Solo cuando madure y avance en el sentido de las cosas, seré capaz de discernir, de decidir:

  • podré elegir entre el bien y el mal, cuando conozca qué es lo moralmente bueno,
  • podré elegir una vocación, un camino, cuando conozca las alternativas que tengo,
  • podré elegir qué ver en la televisión, qué comida hacer, qué libro leer, cuando conozca las ofertas, las posibilidades,
  • podré decidirme por un banco concreto, el servicio de un profesional o un comercio, cuando conozca las ofertas de cada uno y pueda elegir lo más conveniente,
  • podré…, en definitiva: seré plenamente libre cuando conozca las opciones que tengo.

Es más cómodo no tener opciones, me resulta más fácil si ya me facilitan la respuesta que debo dar, menos comprometido si no tengo que enfrentarme a mis miedos, a mis limitaciones y debilidades. Y cuando he asumido una opinión, sin conocer el resto de las opciones, la defiendo hasta con cierta violencia, porque en el fondo no sé cómo justificarla, y la impongo ante los demás sin permitir un diálogo; no queremos aparecer como débiles ante los demás.

Para poder ser fuertes, dialogantes, hemos de ser capaces de reconocer nuestras debilidades, reconocer que no sabemos de todo, asumir que necesitamos de los demás.

Y reconocer ante Dios y ante nosotros mismos nuestras debilidades; porque el «hombre nuevo» no se construye sobre utopías ni sobre hombres «perfectos» y sin tacha, sino sobre nuestros errores, nuestros fracasos que, con el tiempo, se  transforman en estiércol, en alimento para la tierra, para «nuestra tierra».
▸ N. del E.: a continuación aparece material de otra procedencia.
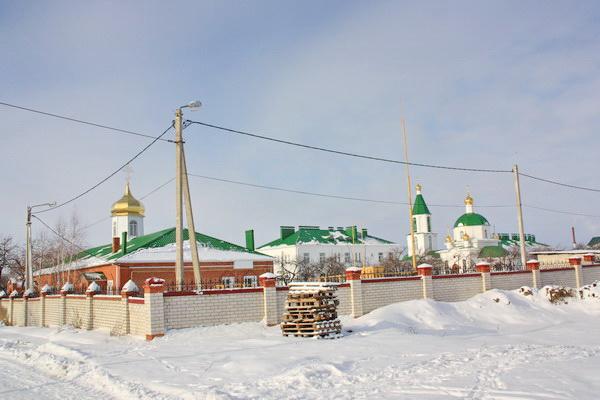 Погода золотухина курская область. Г Курск Золотухинский женский монастырь. Женский монастырь в Золотухино Курской области официальный сайт. Золотухинская Слобода Уфа. Золотухино поездка в Алексеевский женский монастырь 30.03.22.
Y, como enseña Pablo: «»Te basta mi gracia: la fuerza se realiza en la debilidad». Así que muy a gusto me glorío de mis debilidades, para que resida en mí la fuerza de Cristo. Por eso vivo contento en medio de las debilidades, los insultos, las privaciones, las persecuciones y las dificultades sufridas por Cristo. Porque cuando soy débil, entonces soy fuerte» (2 Corintios 12, 9-10).